John: A couple of thoughts come to mind around the idea of venture communism – it’s great term by the way – and a new model for pooling, based on the capture of unearned income. It’s a very suggestive model, there are close models to this that are already being used by cooperatives to share machinery. For example, I know for example in Québec, there is a particular form of co-op that’s been developed that allows small or medium producers to pool their capital to purchase machinery and to use it jointly. It doesn’t have exactly the form that you’re talking about, which is this kind of bond issue, which is a very interesting idea, I’d love to see that applied. The other idea I liked was trying to minimize a management class, within these systems. I know this varies from co-op to co-op and federation to federation, but I do know that in these kinds of shared pool systems of both capital and equipment, that the organizations that are put in place for the management of these systems are, by comparison to other forms of control, much more lean and accountable because they are accountable to boards of directors that represent the interests of the members. But I take your point around that. So, very interesting idea.

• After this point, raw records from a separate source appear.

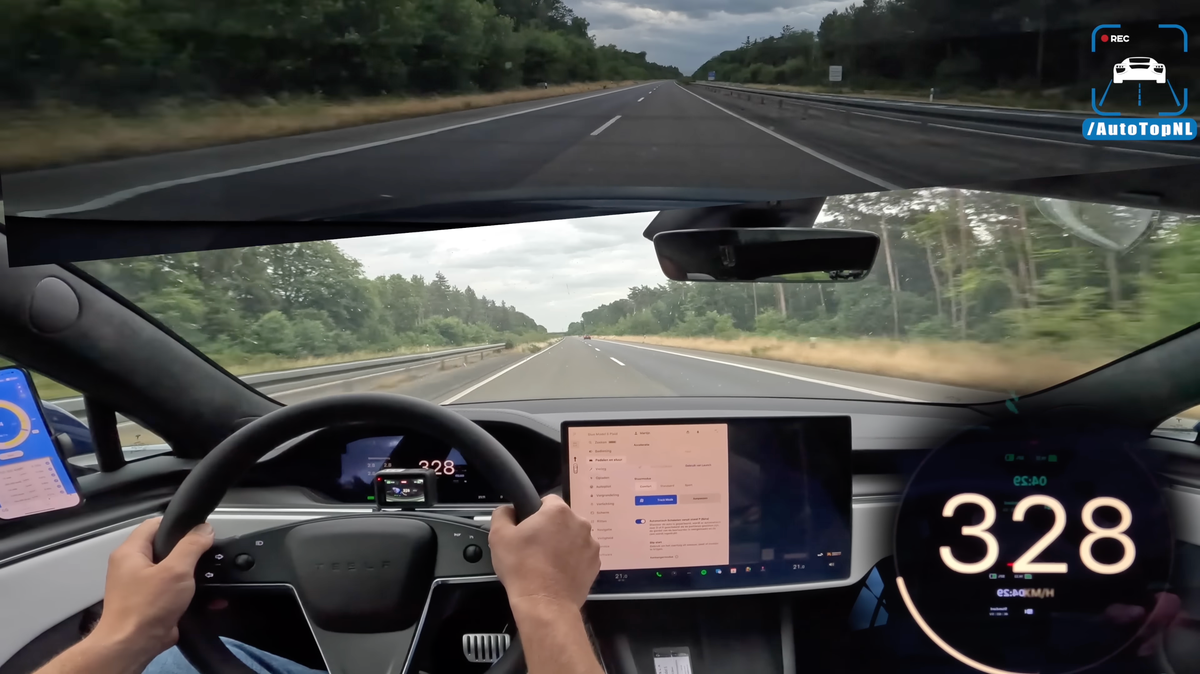 Este Tesla Model S Plaid se desmelena a 328 km/h por la Autobahn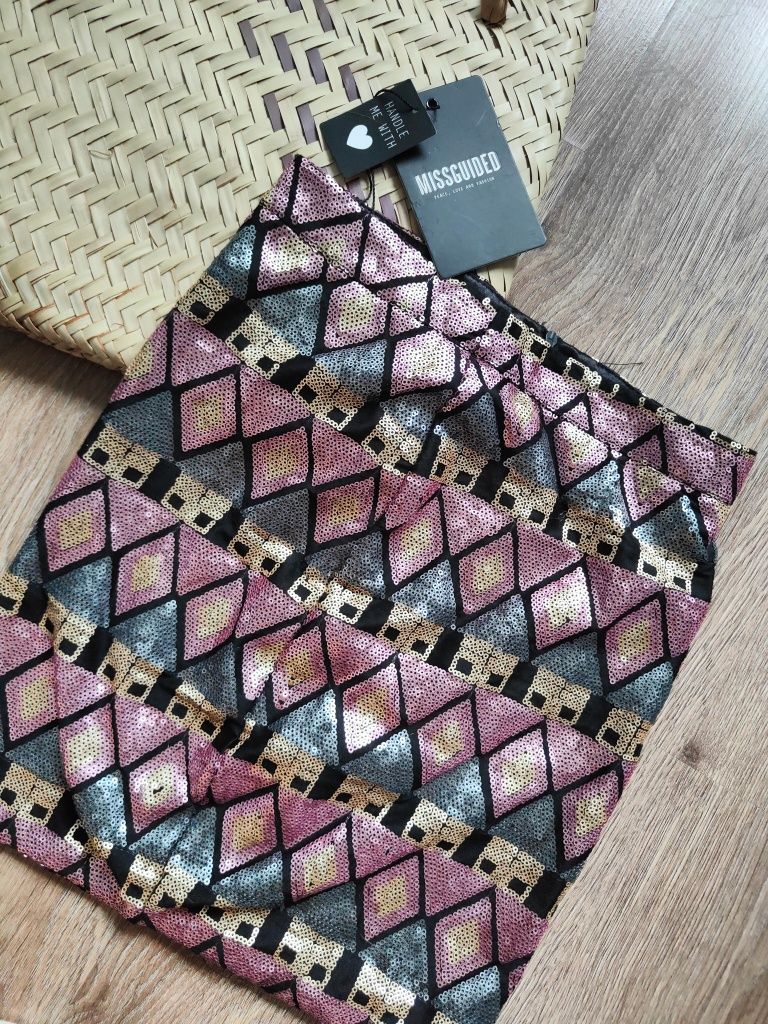 Cekinowa spódniczka missguided krótka urocza spódnica mini błyszcząca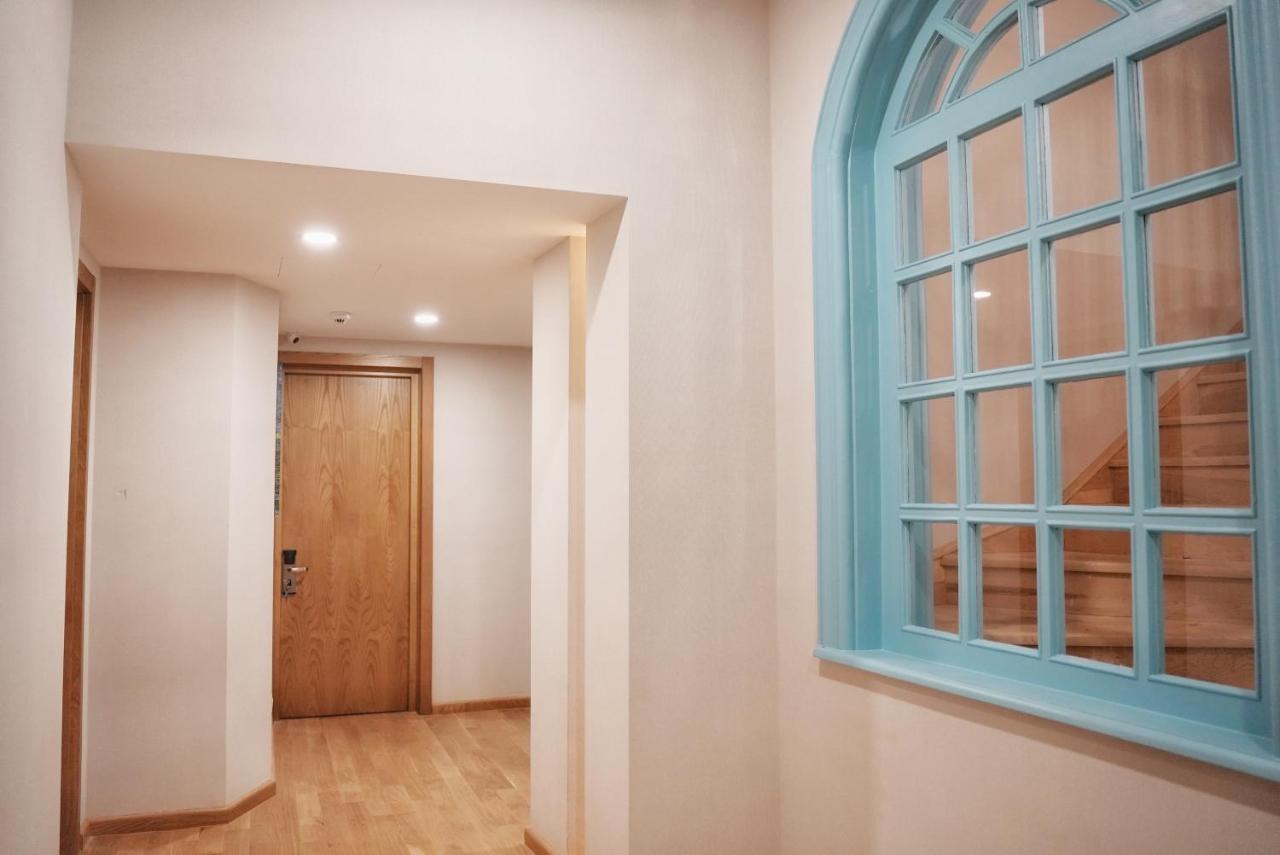Hotel Embassy Τυφλίδα Εξωτερικό φωτογραφία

The second point that comes to my mind is around this tension that you described within the left, and among activists. It’s a tension around their relationship to the idea of the market, and to capital for that matter. I’ve run into this repeatedly among social change activists who immediately recoil at the notion of thinking about markets and capital, as part of their change agenda.

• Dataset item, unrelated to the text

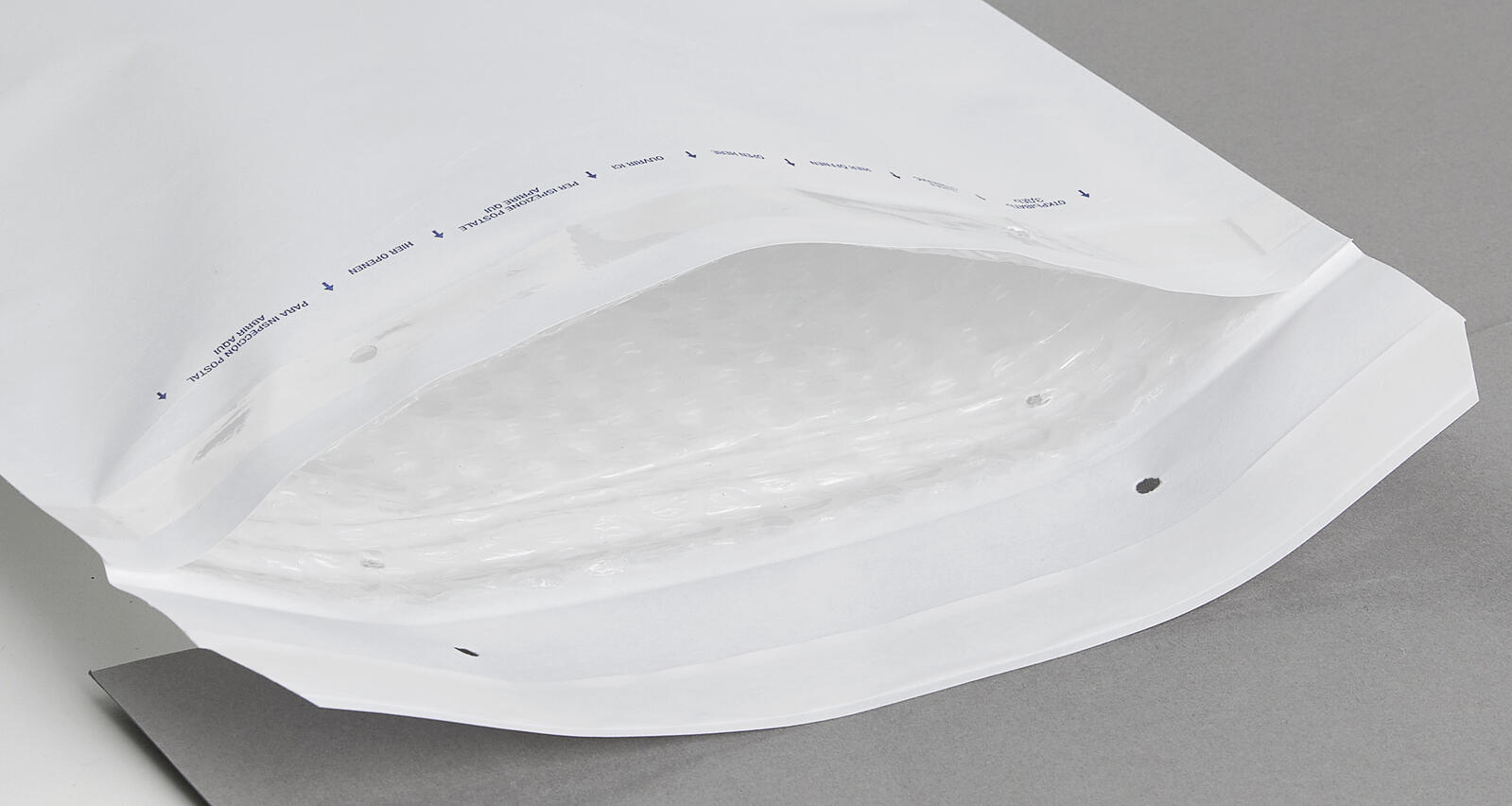 aroFOL® CLASSIC W6/F Luftpolstertaschen für DIN A4 weiß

I think what was most revelatory to me around the cooperative movement was that I used to think of the same way. The most important lesson I took from my contact with the cooperative movement was a complete rethinking of economics. I had thought previously, like so many, that economics is basically a bought discipline, and that it serves the interests of existing elites. I really had a kind of reaction against that. When I saw and understood that cooperatives were another form of economics, a popular form of economics, it completely shifted my perception around what social change entails, with respect to the market. One of the things I think we really have to do is to recapture the initiative around vocabulary, and vision, with respect to economics.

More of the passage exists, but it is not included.